Compra de imóveis com metais preciosos físicos de entreposto aduaneiro: o que realmente está por trás disso

Editor: Spargold GmbH | spar.gold
Data: Abril de 2026
Tempo de leitura: aprox. 8 minutos


„No entreposto aduaneiro há prata armazenada — e é até possível pagar um imóvel com ela.”
Esta frase é ouvida cada vez mais em comunidades de ativos reais. O que está por trás disso? E onde termina o planeamento legal e o aconselhamento sério — e onde começa o conhecimento superficial perigoso?


O contexto: O que é um entreposto aduaneiro fora da UE

Um entreposto aduaneiro (Zollfreilager) é uma zona de trânsito sob vigilância aduaneira. As mercadorias aí armazenadas não são formalmente consideradas como importadas para um território económico. Enquanto a prata, a platina ou o paládio permanecerem no armazém, não incide IVA — nem no local de armazenamento, nem na Alemanha.

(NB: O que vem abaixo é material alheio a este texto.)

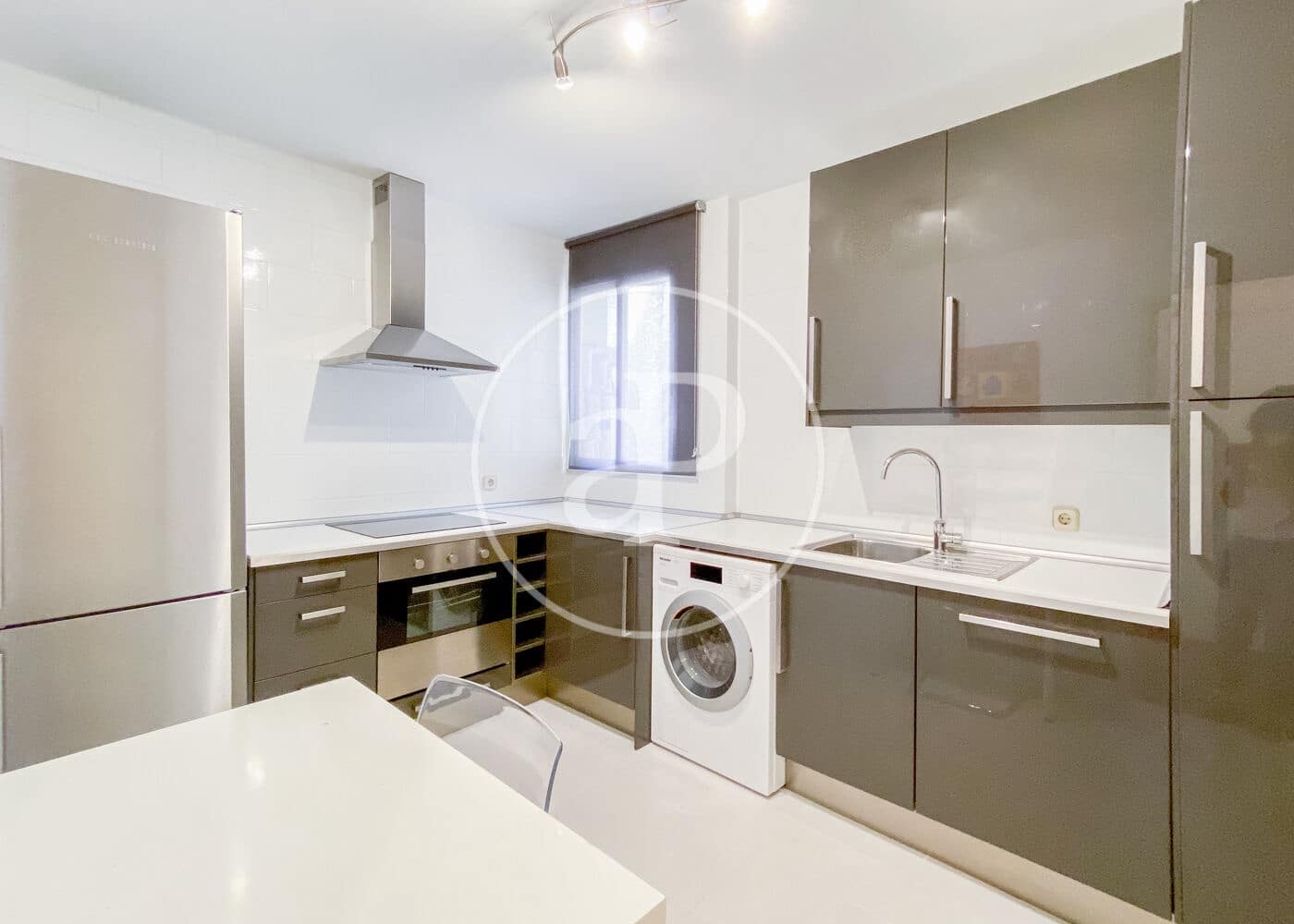 Apartamento de 2 habitaciones en Madrid ciudad en alquiler con garaje - 2.500 € (Ref: 9954470)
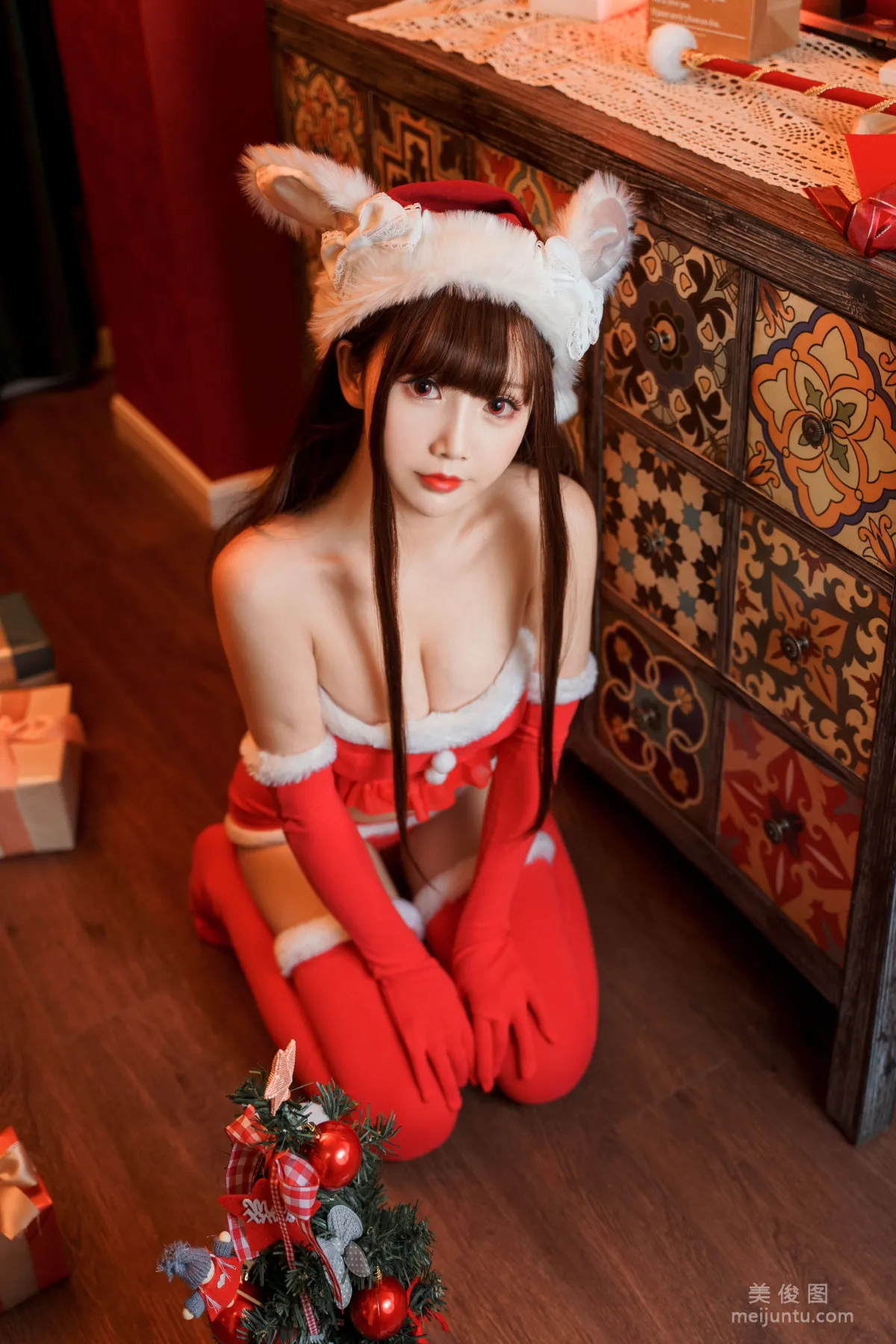 Cute Popular Coser Mianbing Xianer - Christmas Short Skirt Set photo 22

Isto não é um truque nem uma zona cinzenta: os entrepostos aduaneiros existem há décadas, são autorizados pelas autoridades e cumprem o direito comercial internacional. Para os investidores privados alemães que pretendem deter metais brancos a longo prazo, este é um instrumento perfeitamente legal para a otimização de património.

Localizações conhecidas são a Suíça (Zurique, Genebra), Singapura e Liechtenstein. Todos têm em comum: situam-se fora do território aduaneiro da UE e estão sujeitos exclusivamente à respetiva legislação nacional — não ao UStG alemão.

O que mudou: Os entrepostos aduaneiros alemães foram praticamente desvalorizados pela nova regulamentação do § 4 n.º 4b do UStG (circular do BMF de 9 de abril de 2026). Os armazéns fora da UE não são afetados por esta alteração.


A ideia: Pagar um imóvel com metais preciosos de entreposto aduaneiro

Nas comunidades de ativos reais circula um modelo que, na sua estrutura básica, se apresenta da seguinte forma:

Um comprador de imóveis possui reservas de metais preciosos num entreposto aduaneiro fora da UE — por exemplo, na Suíça ou em Singapura. Em vez de pagar o preço de compra por transferência bancária, ele transfere ao vendedor a propriedade de uma reserva correspondente diretamente no armazém. Nenhum metal se move, nenhuma alfândega é acionada, nenhum IVA local é gerado.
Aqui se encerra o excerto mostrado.